Ok so I’m sitting here all cozy under a blanket and alliterating for no reason. It’s a grey, wet morning here in Richmond. In an hour, I’ll be chucking my very full suitcase (packing light for a beach trip in April is impossible..snowsuit; umbrella; bathing suit; sunscreen; thermal underwear..) into the back of a friend’s car and cruising down to Nags Head. It’s a “work” trip which means lots of girl time: heart to hearts, laughter, dance parties, tears, salads, pizza, drinks, beach walks, hot tubbin’ and Juice Plus’in. Normally conference time means hopping on a plane to exotic destinations such as Indianapolis or Phoenix, Arizona but thanks to ‘Rona it will be a sweet and short road trip and I’m getting excited. I’m never excited until right before I leave for some reason but here I am! It’s gonna be great!

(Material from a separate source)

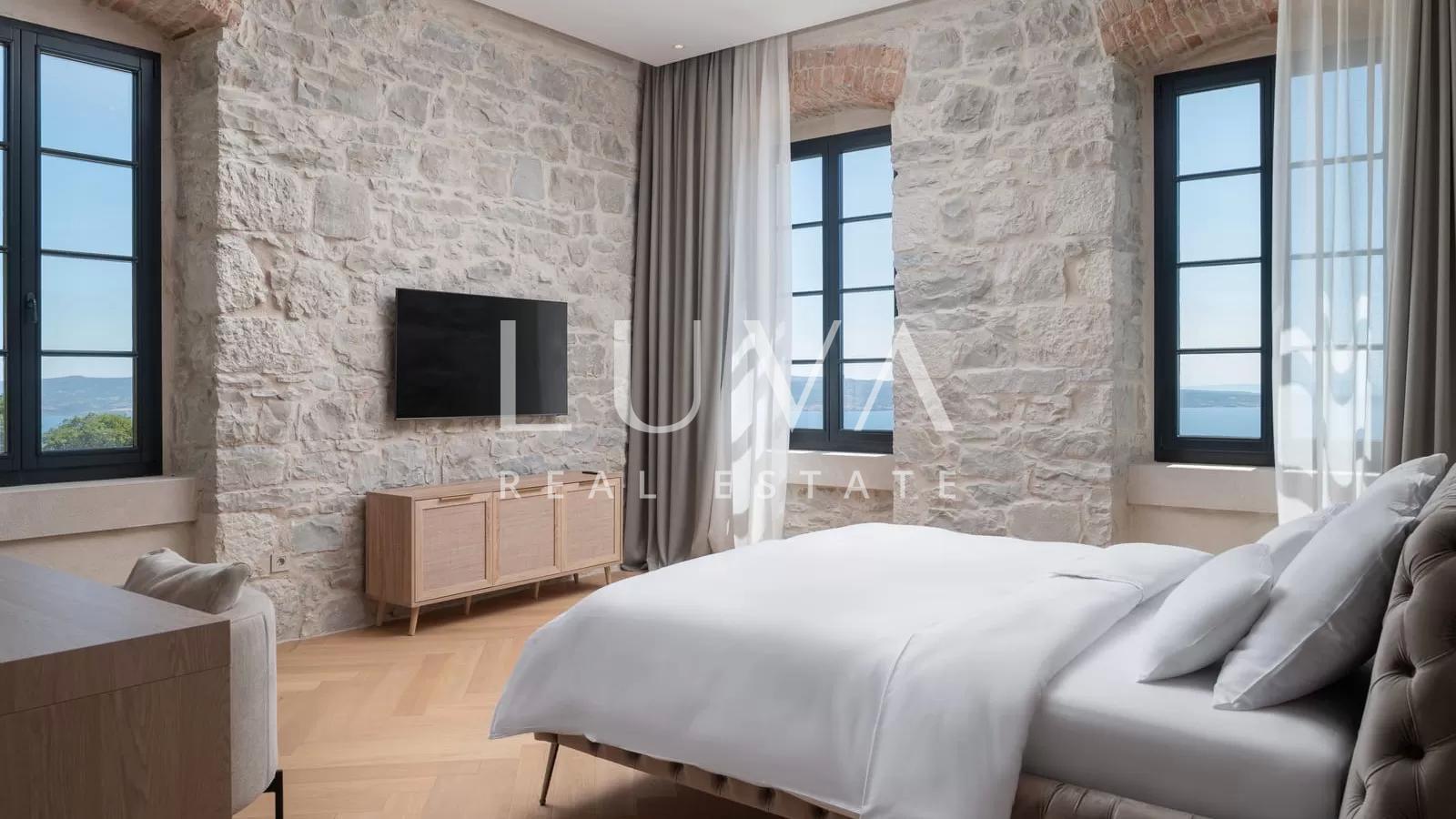 Podstrana, Split, luksuzna vila s bazenom za dugoročni najam
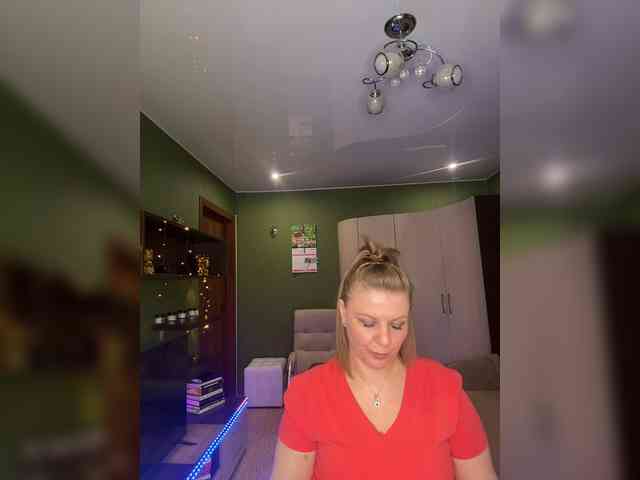 Veronika_Gold webcam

I am praying I’ll be able to sleep. I have a hard time sleeping away from home and then I get anxious about it and then I really can’t sleep! I find myself longing to be lulled to dreamland by the rhythmic snores of my sweet, congested husband. It’s annoying. I wish I was one of those carefree people who pass out as soon as their head gets within a mile of their pillow, but no such luck. Prayers appreciated because Oscar’s got nothing on this grouch when I’m sleep-deprived. Actually I just get emotional and homesick. Life of the party, here.
Also I just realized that I’m probably not going to lose 50 pounds by the summer. If people would just stop having birthdays and other bad-eating opportunities (BEOs) that would be great. Personal responsibility be hammed.
Alright, friends. Nothing of importance to talk about today, I just want to stay in the habit of exposing my deepest fears, highest hopes, and plans for lunch with you all because I know you care! Hee hee.